---- Data records

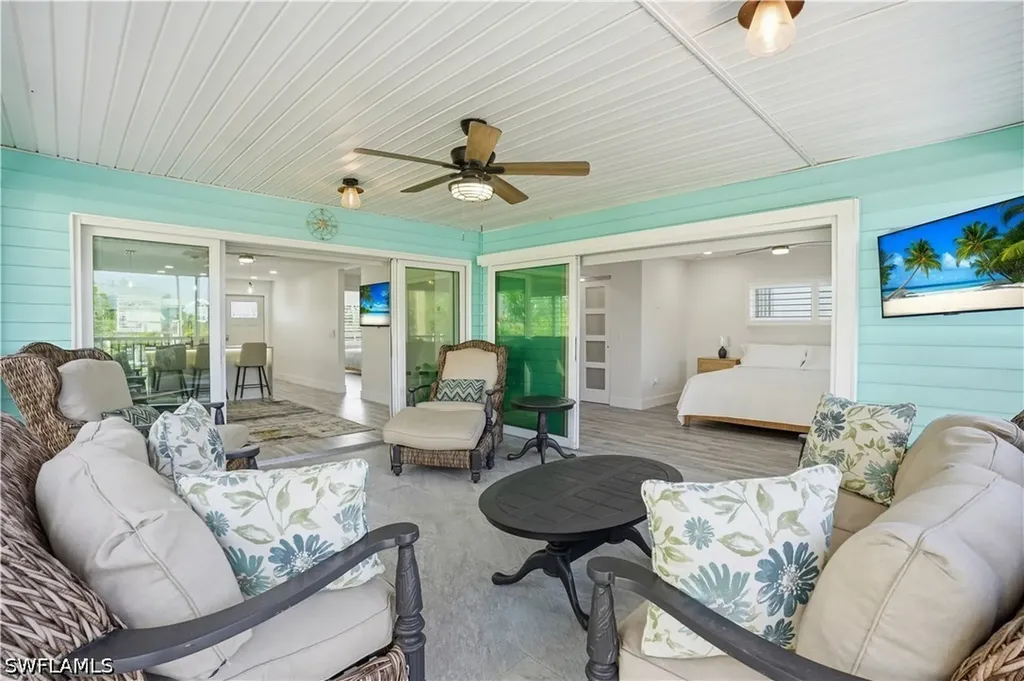270 Dundee Road Fort Myers Beach FL 33931
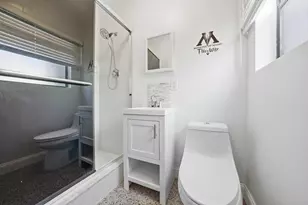 2591 Myrica Rd, West Palm Beach, FL 33406 - Photo 23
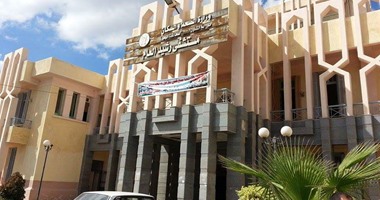 مدير مستشفى رشيد السابق يتهم نائباً برلمانياً بالسب والقذف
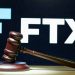 Breaking: Judge Sentences FTX Founder Sam Bankman-Fried to 25 Years in Prison, Fined $11 Billion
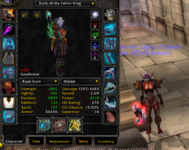 Screenshot_1.png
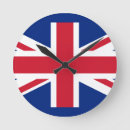 Recherche de angleterre horloges Britannique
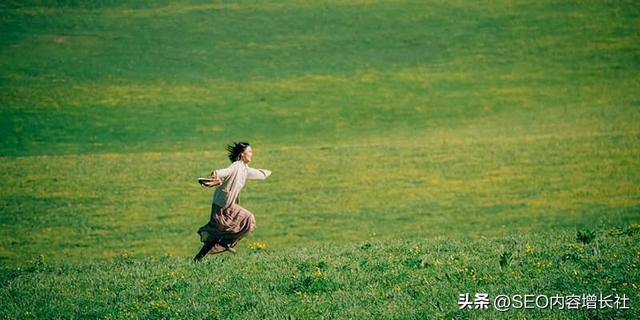 【回顾】2024年那些热点事件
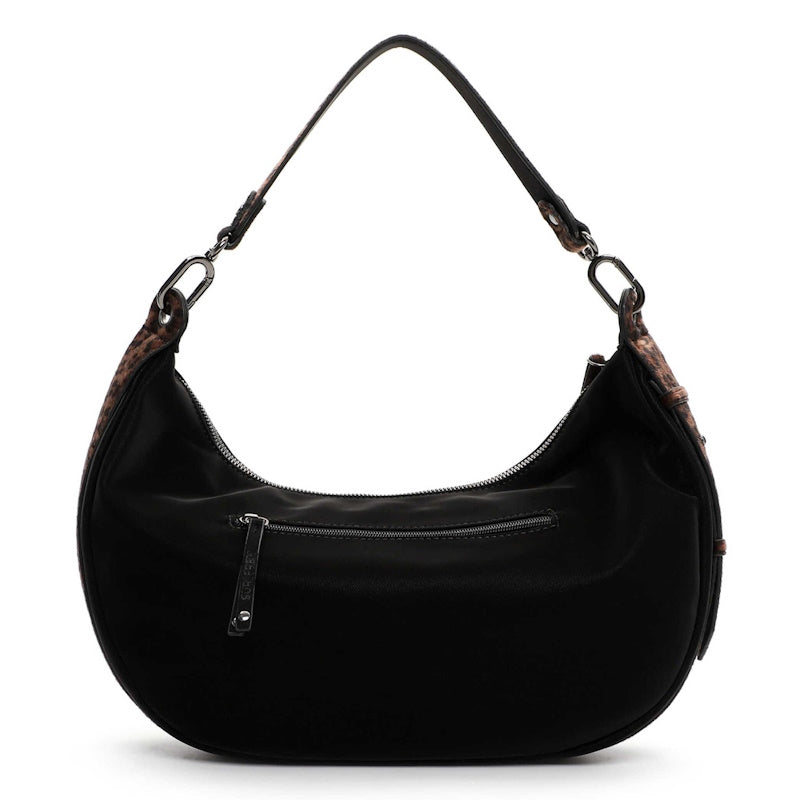 Suri Frey Shoulderbag Sammy Black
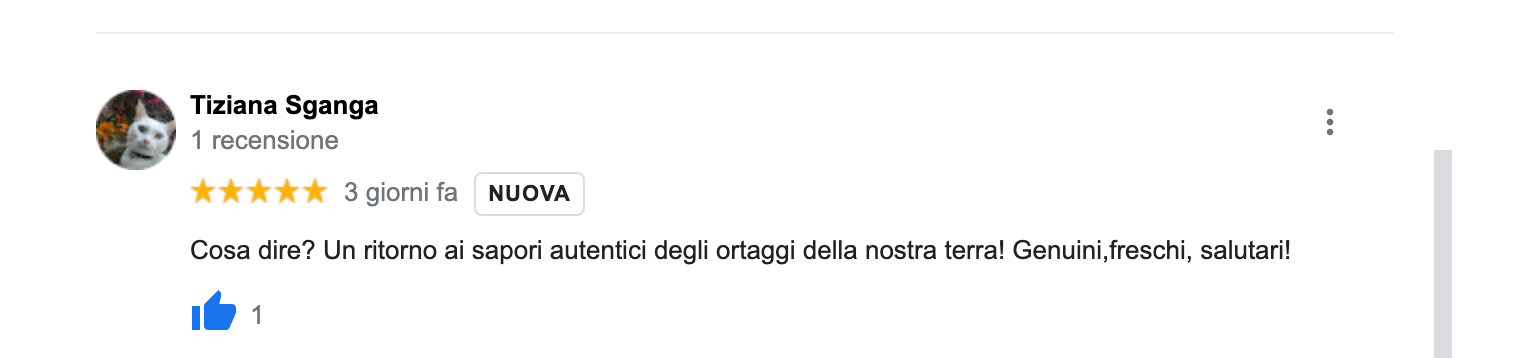 Tiziana Sganga post thumbnail
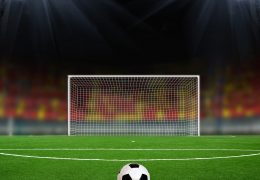 Morocco vs Ivory Coast Betting Tips 28/06/2019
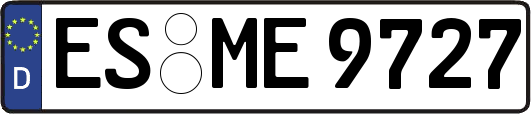 ES-ME9727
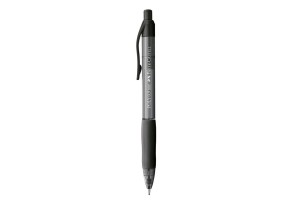 LAPISEIRA FABER CASTELL PORTAMINAS POLY 0.9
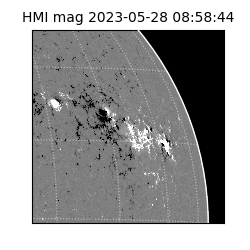 shmi - 2023-05-28T08:58:44.700000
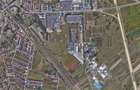 Vand teren in Selimbar , intrare din Broscarie 1434mp - 5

--------

Task to complete:
Starting at the line that contains "LAPISEIRA FABER CASTELL PORTAMINAS POLY 0.9", restate each line verbatim through the final line of the listing, skipping all pictures.

Expected answer:
 LAPISEIRA FABER CASTELL PORTAMINAS POLY 0.9
 shmi - 2023-05-28T08:58:44.700000
 Vand teren in Selimbar , intrare din Broscarie 1434mp - 5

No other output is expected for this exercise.